The 12-month forecast is bullish, with a base case target of $277-$307 (implied by the analyst average of $307.50) and a bull case target of $307-$396 (analyst high of $396). The base case has a 45% probability and assumes GTA VI launches on schedule with moderate sales, while the bull case (35% probability) assumes a blockbuster launch that drives a re-rating. The bear case (20% probability) targets $188-$220 if GTA VI is delayed or margins worsen. The most likely scenario is the base case, where the stock trades near the analyst target of $307.50, offering +20.6% upside. Key assumptions include GTA VI release in FY2027 and operating margin improvement to 5%.
TTWO appears fairly valued to slightly undervalued relative to its own history, but overvalued compared to industry peers. The trailing PS ratio of 5.50x is near the low end of its 5-year range of 12x-28x, suggesting the stock is cheap by its own standards.
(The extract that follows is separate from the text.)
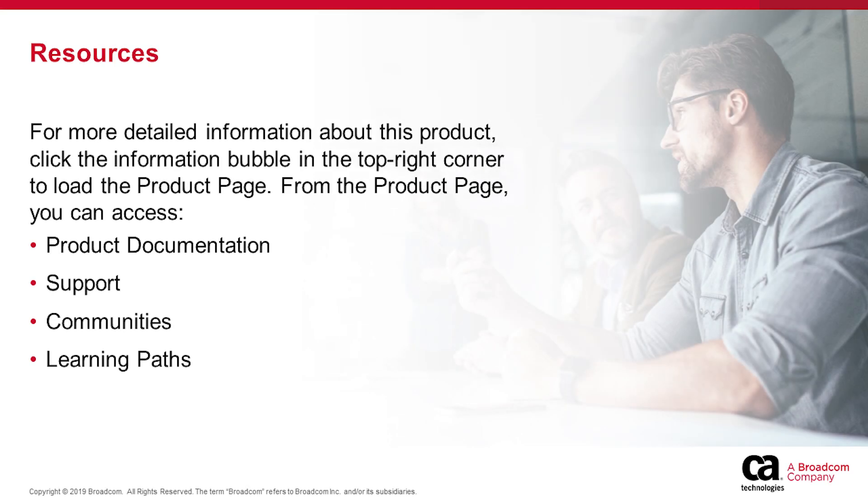For more detailed information about Clarity PPM, click the information bubble in the top right corner to load the product page.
However, compared to the gaming industry average PS of 2-6x, TTWO is at the high end, implying a premium. The forward PS of 3.29x indicates the market expects significant revenue growth, which is justified by the GTA VI catalyst. The forward PE of 25.58x on estimated EPS of $12.02 is reasonable for a high-growth company. Overall, the valuation reflects a balanced view: the market is paying a premium for TTWO's strong IP and growth prospects, but not an excessive one given the potential upside from GTA VI.
TTWO is a good buy for growth-oriented investors with a high risk tolerance, given the strong catalyst from GTA VI and attractive valuation relative to its history. The stock offers +20.6% upside to the analyst average target of $307.50, supported by accelerating revenue growth of 24.9% YoY and positive free cash flow of $487.8M. However, the company remains GAAP-unprofitable, and the stock's premium PS ratio of 5.50x leaves little room for error. The biggest downside risk is a GTA VI delay, which could send the stock to its 52-week low of $187.63 (-26.4%). For investors who believe in the GTA VI timeline and can tolerate volatility, TTWO is a compelling buy. For risk-averse investors, it may be better to wait for margin improvement or a pullback.
TTWO is best suited for a medium-term investment horizon of 12-24 months, aligned with the GTA VI launch cycle. The stock's beta of 0.96 indicates market-like volatility, and the recent 1-month gain of +14.66% suggests strong short-term momentum, but the binary nature of the GTA VI catalyst makes it less suitable for very short-term trading. Long-term investors could also benefit if GTA VI drives sustained growth in recurrent spending, but the lack of a dividend (payout ratio 0%) and current unprofitability make it less attractive for income-focused investors. A minimum holding period of 12 months is recommended to capture the GTA VI launch and subsequent earnings acceleration.